Mar 14 '24 23:03 Tremeschin

I'm closing this as a (very decent) workaround with hatch to build a single wheel that bundles everything is to do:

# Use a single venv for all projects, and "import alpha" works
# Note that each of those directories contains an mostly empty pyproject.toml
# just make sure they also use hatchling, are managed, and includes your package
[tool.rye.workspace]
members = [
    "projects/alpha",
    "projects/beta",
    # ...
]

# Include all project packages with the __init__.py on the wheel as is
# Note: We aren't "building" them, just bundling the source code
[tool.hatch.build.targets.wheel]
only-include = [
    "shared_library",
    "projects/alpha/alpha",
    "projects/beta/beta",
    # ...
]

# Rewrite paths on the wheel so they are plain - "import alpha" works,
# instead of "import projects.alpha.alpha"
[tool.hatch.build.targets.wheel.sources]
"projects/alpha/alpha" = "alpha"
"projects/alpha/beta"  = "beta"
# ...

Then, build a local wheel or upload to PyPI and compile normally with PyApp.
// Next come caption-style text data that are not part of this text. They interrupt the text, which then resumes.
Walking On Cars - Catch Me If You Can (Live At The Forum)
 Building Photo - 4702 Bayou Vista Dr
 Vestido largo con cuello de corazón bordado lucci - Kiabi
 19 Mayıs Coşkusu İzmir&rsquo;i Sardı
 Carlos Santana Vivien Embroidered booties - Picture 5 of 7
I find that using PYAPP_PROJECT_PATH=str(wheel) built by rye build and setting PYAPP_EXEC_SPEC=f"alpha.__main__:main" works the best for me. Also, PYAPP_UV_ENABLED=1 is so fast 😉

I have a pypi wheel of my projects done this way as a proof of concept

There's a side issue with this, no project library will contain its spec file, so importlib.metadata on any of alpha, beta, ... will fail (can get metadata from the shared lib alone, which I am doing). Plus, the venv will be the same for all projects, which isn't technically an issue, unless you depend on some custom resource file per-binary (probably solvable by hard-coding envs), or some code updates with a same-version wheel

I hope this helps anyone for future reference

May 25 '24 19:05 Tremeschin